In recent years, Robert Downey, Jr.'s career has taken off, with two very notable successes in Sherlock Holmes and Iron Man. A couple of weeks ago, he added the American Cinematheque award to his collection, and he deliberately chose Mel Gibson to present the award, so that he could make this speech. Please don't read any further until you watch this. It's only two minutes. It made me cry, and I bet you will, too.

And then I knew why it was appropriate to think about this video during communion. Because there is a really good sermon in there, about forgiveness, friendship, loyalty, faithfulness, and restoration - all of which are very near to the heart of God.

Am I that kind of friend? Robert Downey, Jr. never wavered in his support for Mel all during the controversy, and did not distance himself as others did, because of what Mel had done for him during his darkest times. How many times have I been influenced by the "evil report" of others about someone, or distanced myself from someone who was going through a whirlwind of bad choices and worse behavior?  Is there someone, or perhaps several someones, in my life that I need to embrace and forgive, and restore to fellowship?

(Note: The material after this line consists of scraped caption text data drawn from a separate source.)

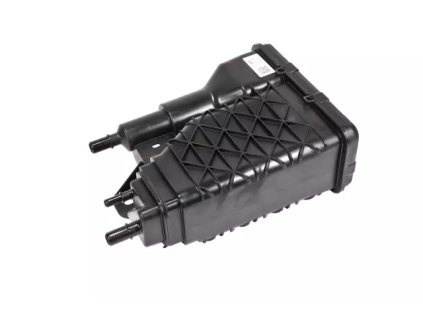 Cadillac Escalade Kanystr na výpary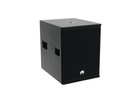 OMNITRONIC PAS-151PRO Subwoofer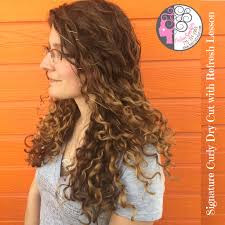 Naturally Curly Grown Out Balayage Highlights Bronde Hair By Carleen Sanchez Nevada S Curl Expert 775 721 Bronde Hair Curly Hair Styles Haircuts For Curly Hair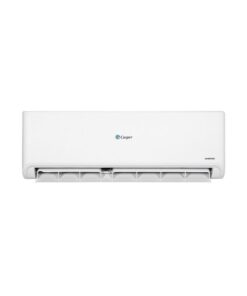 Điều hòa 1 chiều Casper GC12IS33
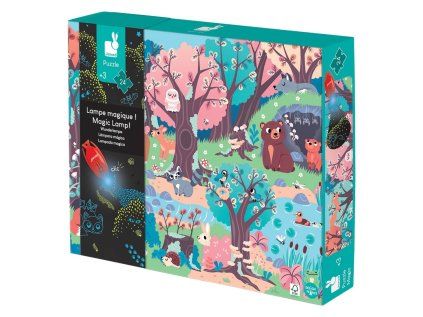 038eccac856bd1494076bb11b85cdebb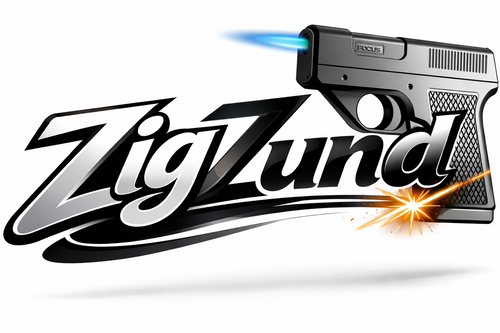 ZigZund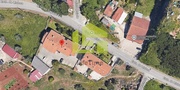 Garagem - Santa Clara, Coimbra, Coimbra - Miniatura: 7/9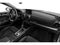 2015 Audi S3 4dr Sdn quattro 2.0T Premium Plus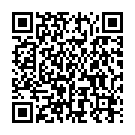 ����������� ����� �������� "������� �������� ���� Sweet Heart Silicone Anal Beads - 18,4 ��." �� ��������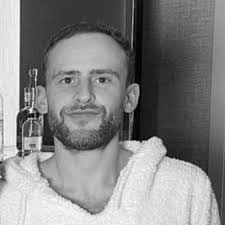 Michelle Templin's Instagram, Twitter & Facebook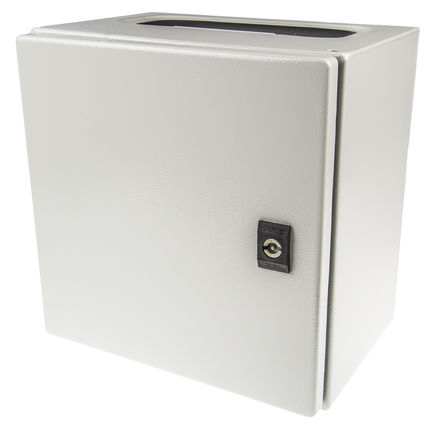 NSYCRN33200P, Schneider Electric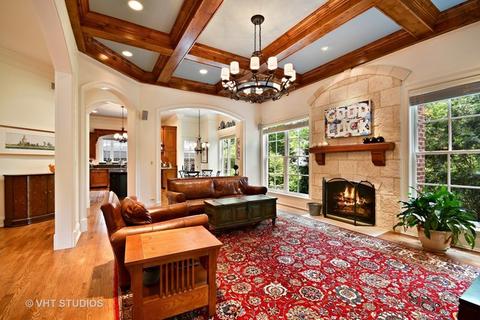 301 W Oak Ave, Wheaton, IL 60187 photo 9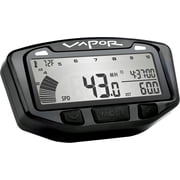 TRAIL TECH - 752-109 - VAPOR COMPUTER KIT SPEED/TACH/TEMP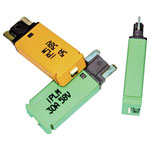 ESKA 346.032 RCCB Thermal Reset Function 58V 25A 1Piece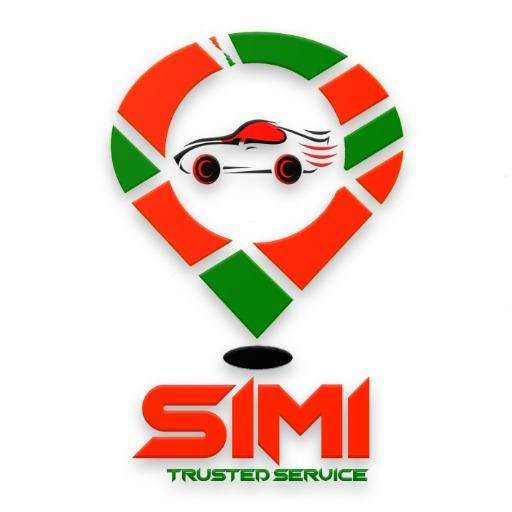 Run android online APK Simi Cab - Book Karo Chal Pado from MyAndroid or emulate Simi Cab - Book Karo Chal Pado using MyAndroid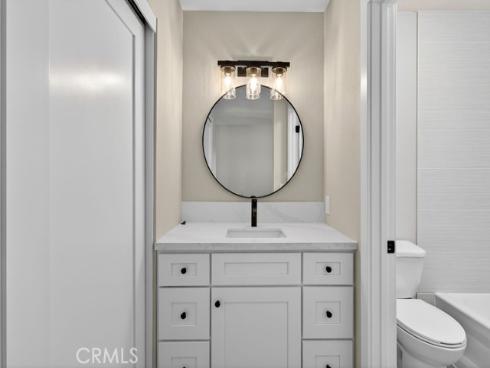 783 S Ruby   Lane, Anaheim, CA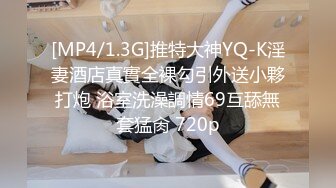 STP32564 路虎探花3000元约炮❤️模特身材花臂兼职小妹，身材极好还可以抱起来操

Especially after all that Jesus did for me. Isn't that what He would do? What He does?

I continued to think about friendship and forgiveness throughout the day, and while I had little or no opinion of Robert Downey, Jr. before now, he has catapulted over hundreds of others in my esteem because of this act of friendship and forgiveness. And he made me ashamed of my attitude about Mel.  Ashamed of my attitude about some other people.

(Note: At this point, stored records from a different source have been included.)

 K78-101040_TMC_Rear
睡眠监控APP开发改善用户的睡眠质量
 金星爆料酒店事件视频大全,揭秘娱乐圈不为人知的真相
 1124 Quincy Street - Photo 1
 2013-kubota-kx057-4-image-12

So what does that have to do with homeschooling?  Just that children learn more from what they see us do than from what we tell them they should do.

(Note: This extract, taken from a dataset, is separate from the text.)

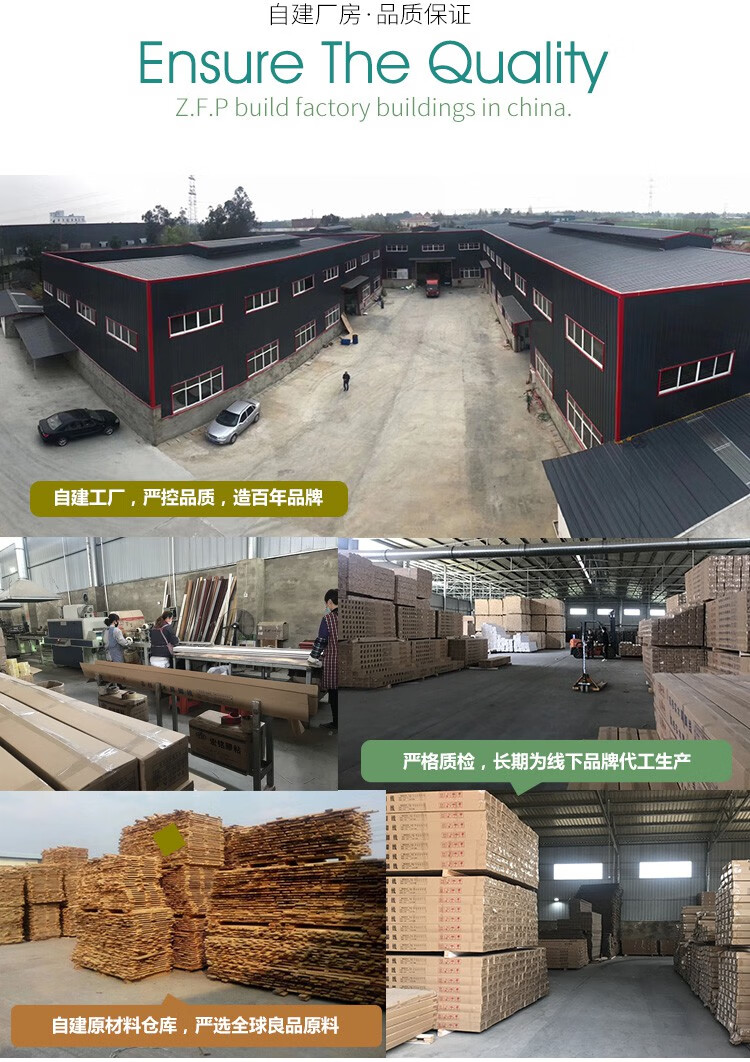 5b9b30a070de17fc.jpg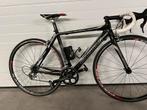 Race fiets, 28 inch, Gebruikt, Carbon, Heren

Walk in mercy and forgiveness, and your children will also.


  1. I enjoyed Downey Jr.'s speech. But I think he has come a long way since that rough time. Gibson is going to have to commit and work hard to receive acceptance and forgiveness.

  2. Susan what a very inviting picture of Mel Gibson, and with a side of Downey Jr., I think I love your blog, lol. All humor aside, forgiveness is very important but it can be so hard. I used to be the type of person who if you did something to me I would retaliate and do something back, but I've come a long way. I get forgiveness now because if you believe in an eye for an eye, everyone goes blind.

  3. I just love Robert Downey, Jr. He has the same emotional issues that I do with bipolar disorder. How nice that he supported his friend, even when it was unpopular.

  4. I love Robert Downey Jr. Mel Gibson saved him and I'm glad he returned the favor. We're all human and deserve forgiveness.

  5. Amen to that! Kudos to Robert Downey Jr. for his loyalty, grace and forgiveness. If Hollywood can forgive Mel, maybe there's hope for the rest of us!

  6. I understand your reluctance to give him a pass, Max. But the point that Robert made about taking responsibility for your ugliness suggests that he believes Mel has done that - that he has "hugged the cactus long enough." When was the last time you read ANYTHING positive about Mel Gibson, and if you did, would you believe it? I'm not picking on you, I have had my own attitude about Me. Looking back, I would have to say I would not even have bothered to read anything good about him, and that makes me sad. I have my own cactus to hug from time to time.

  7. ...which would include typing too fast and hitting send before I think about what I have written. That should say, "about Mel," instead of "about Me," which changes the whole meaning of what I was saying. LOL

  8. I'm actually surprised Mel hasn't been welcomed back with open arms yet. Usually Hollywood is pretty forgiving, especially if they can make a buck. Well maybe that is the real issue. He'll be back. He gave Robert a chance when he was down, and that turned out pretty well.

  9. Susan.... a very power full post with a great message from both you and Robert Downey. Thank you for sharing it.

  10. If there's hope for Mel and RD Jr, there's hope for all of us.